* _To do_
Restate word for word the lines of the records below, starting at the line that contains "Graphene Puffer Sleeping" and ending at the line that contains "Personalized Christmas Red", with both of those lines included and nothing else.

Source records START

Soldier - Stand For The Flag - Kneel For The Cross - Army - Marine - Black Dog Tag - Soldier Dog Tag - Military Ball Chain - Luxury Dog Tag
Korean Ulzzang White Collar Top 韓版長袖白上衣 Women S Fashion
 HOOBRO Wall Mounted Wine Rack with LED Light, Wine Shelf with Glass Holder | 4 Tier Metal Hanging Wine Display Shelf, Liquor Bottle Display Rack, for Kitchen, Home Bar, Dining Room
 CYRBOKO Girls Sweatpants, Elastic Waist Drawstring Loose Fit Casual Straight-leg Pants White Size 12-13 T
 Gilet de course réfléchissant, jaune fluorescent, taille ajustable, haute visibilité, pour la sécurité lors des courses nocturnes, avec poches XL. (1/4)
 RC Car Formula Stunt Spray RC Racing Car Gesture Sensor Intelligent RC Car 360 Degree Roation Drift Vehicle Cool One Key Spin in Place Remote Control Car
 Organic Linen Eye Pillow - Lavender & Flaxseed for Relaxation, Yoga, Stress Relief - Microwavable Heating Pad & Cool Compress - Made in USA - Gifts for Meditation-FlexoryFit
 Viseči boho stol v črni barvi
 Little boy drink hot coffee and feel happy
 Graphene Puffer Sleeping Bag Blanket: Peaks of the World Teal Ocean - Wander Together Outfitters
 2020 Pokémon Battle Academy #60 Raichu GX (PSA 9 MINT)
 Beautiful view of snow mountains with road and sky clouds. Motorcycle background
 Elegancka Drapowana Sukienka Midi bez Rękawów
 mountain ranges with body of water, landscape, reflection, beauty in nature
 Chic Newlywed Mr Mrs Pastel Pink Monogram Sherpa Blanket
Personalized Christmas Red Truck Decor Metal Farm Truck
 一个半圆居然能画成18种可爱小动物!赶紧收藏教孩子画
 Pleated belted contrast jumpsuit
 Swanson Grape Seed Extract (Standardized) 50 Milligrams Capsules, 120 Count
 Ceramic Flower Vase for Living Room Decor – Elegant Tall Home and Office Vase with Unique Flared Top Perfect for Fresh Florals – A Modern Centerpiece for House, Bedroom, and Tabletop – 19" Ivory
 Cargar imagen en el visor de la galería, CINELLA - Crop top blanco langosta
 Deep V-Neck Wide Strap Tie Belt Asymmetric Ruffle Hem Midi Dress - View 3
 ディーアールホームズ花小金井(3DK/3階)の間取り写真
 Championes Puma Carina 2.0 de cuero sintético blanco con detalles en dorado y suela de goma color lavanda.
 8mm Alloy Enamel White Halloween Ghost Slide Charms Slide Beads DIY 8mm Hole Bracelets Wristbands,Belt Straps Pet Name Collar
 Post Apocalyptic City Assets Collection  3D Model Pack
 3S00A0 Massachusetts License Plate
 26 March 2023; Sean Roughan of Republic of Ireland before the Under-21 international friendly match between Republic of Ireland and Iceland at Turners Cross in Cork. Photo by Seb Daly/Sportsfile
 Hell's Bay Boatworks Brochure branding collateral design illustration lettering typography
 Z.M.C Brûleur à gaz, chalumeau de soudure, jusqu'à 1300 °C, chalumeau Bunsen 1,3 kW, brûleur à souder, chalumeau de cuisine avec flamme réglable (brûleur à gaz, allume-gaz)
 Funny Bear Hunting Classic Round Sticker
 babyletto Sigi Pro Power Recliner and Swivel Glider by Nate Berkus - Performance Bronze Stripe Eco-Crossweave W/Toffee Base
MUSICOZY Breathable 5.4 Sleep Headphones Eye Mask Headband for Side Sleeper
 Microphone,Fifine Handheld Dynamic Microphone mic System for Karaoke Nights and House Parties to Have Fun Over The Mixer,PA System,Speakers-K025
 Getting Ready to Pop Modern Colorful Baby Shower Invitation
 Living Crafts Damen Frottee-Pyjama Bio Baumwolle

Source records END

* _Solved problem_
 Graphene Puffer Sleeping Bag Blanket: Peaks of the World Teal Ocean - Wander Together Outfitters
 2020 Pokémon Battle Academy #60 Raichu GX (PSA 9 MINT)
 Beautiful view of snow mountains with road and sky clouds. Motorcycle background
 Elegancka Drapowana Sukienka Midi bez Rękawów
 mountain ranges with body of water, landscape, reflection, beauty in nature
 Chic Newlywed Mr Mrs Pastel Pink Monogram Sherpa Blanket
Personalized Christmas Red Truck Decor Metal Farm Truck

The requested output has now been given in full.